Material for the task »
Content starts

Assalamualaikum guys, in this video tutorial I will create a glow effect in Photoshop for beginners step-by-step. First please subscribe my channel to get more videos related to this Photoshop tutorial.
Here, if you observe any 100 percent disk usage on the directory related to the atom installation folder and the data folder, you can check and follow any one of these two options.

Content ends
Content starts

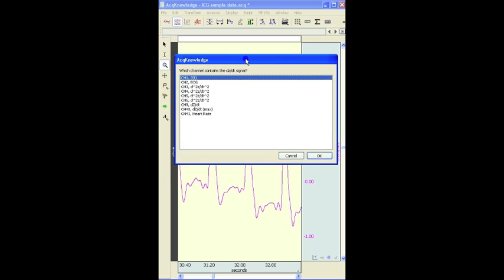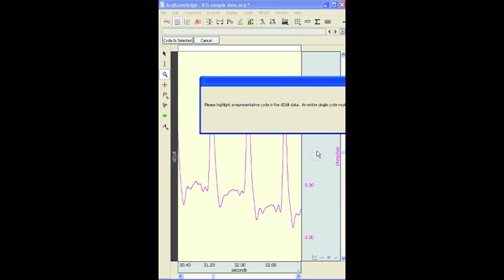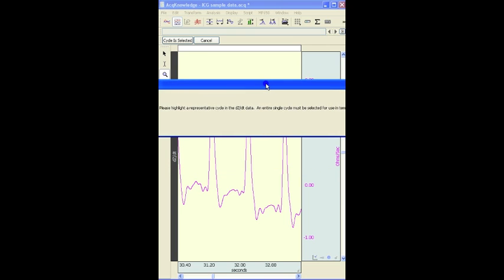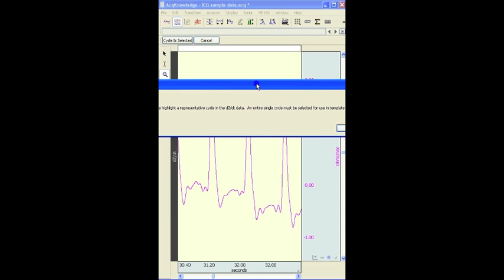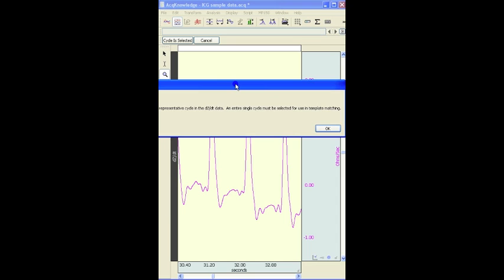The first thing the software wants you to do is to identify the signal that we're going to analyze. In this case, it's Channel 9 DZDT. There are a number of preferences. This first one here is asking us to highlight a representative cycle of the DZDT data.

Content ends
Content starts

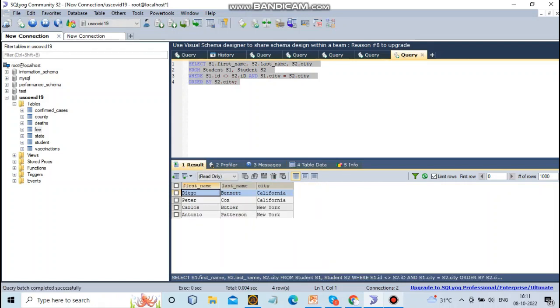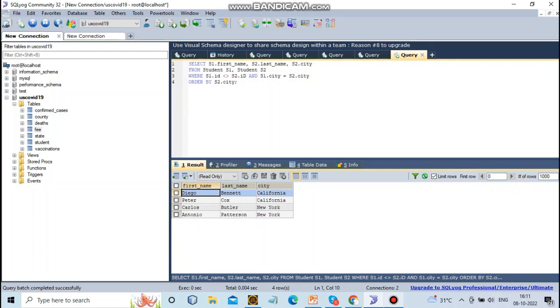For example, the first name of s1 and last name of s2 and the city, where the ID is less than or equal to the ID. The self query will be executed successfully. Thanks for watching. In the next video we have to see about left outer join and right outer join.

Content ends

What is expected »
Which lines above carry the string "related"? Copy those lines.

Answer space »
Assalamualaikum guys, in this video tutorial I will create a glow effect in Photoshop for beginners step-by-step. First please subscribe my channel to get more videos related to this Photoshop tutorial.
Here, if you observe any 100 percent disk usage on the directory related to the atom installation folder and the data folder, you can check and follow any one of these two options.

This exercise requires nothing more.